Indeed: Finding a Framework That Works for Us
In the first year of our FOSS Fund, we used a hosted version of the Condorcet Internet Voting System (CIVS). This is a great system for ensuring fair elections that easily addresses most ties, but the hosted version we chose wasn’t a good fit for our process. CIVS sent impersonal emails that were sometimes filtered into spam folders. It was also difficult to provide contextual information about the projects.
Starting in our second year, we switched to using private Slack channels with a polling plug-in. We didn’t love this, because we generally favor a wholly transparent voting process. But it was difficult to enforce voter eligibility requirements in public channels. We were also using a more rudimentary polling methodology, and one of our early results was an unexpected tie that we had to resolve ourselves.

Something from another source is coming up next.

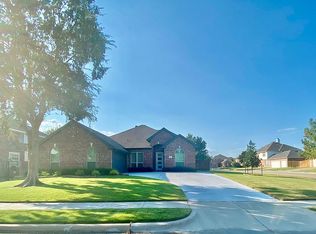 1812 Falcon Dr, Keller, TX 76248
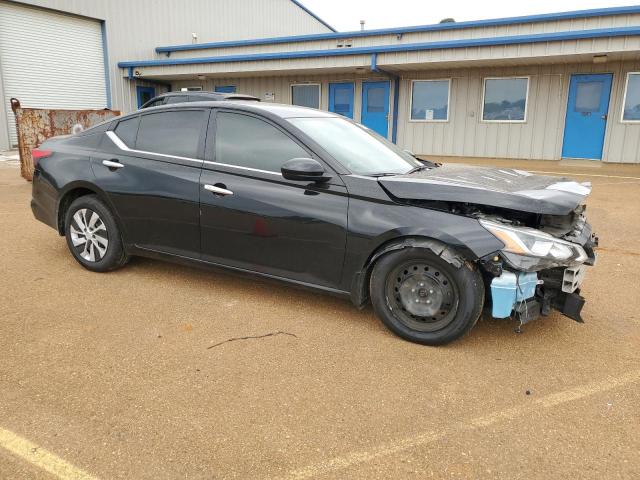 2019 Nissan Altima - Image 4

After using Slack for a few voting cycles, we realized that we were constrained by the available options in the polling plug-ins that were supported by IT. We could only create a limited number of polls per month, and if we ran the vote at the end of the month, polling was no longer available because we had already met the limit. We’ve since switched over to OpaVote and are experimenting with that platform.
Other Ways to Vote
Even with a wide range of tools already available, you may want to write your own tool that meets your specific needs.
Johns Hopkins University
When Johns Hopkins University launched its FOSS Fund at the beginning of 2021, the organizers decided to build their own polling application. This gave them full control over the look and feel of the polls and allowed them to have common URLs for each vote. Most importantly, it guaranteed that the university had full control over the data that was collected and how it was used.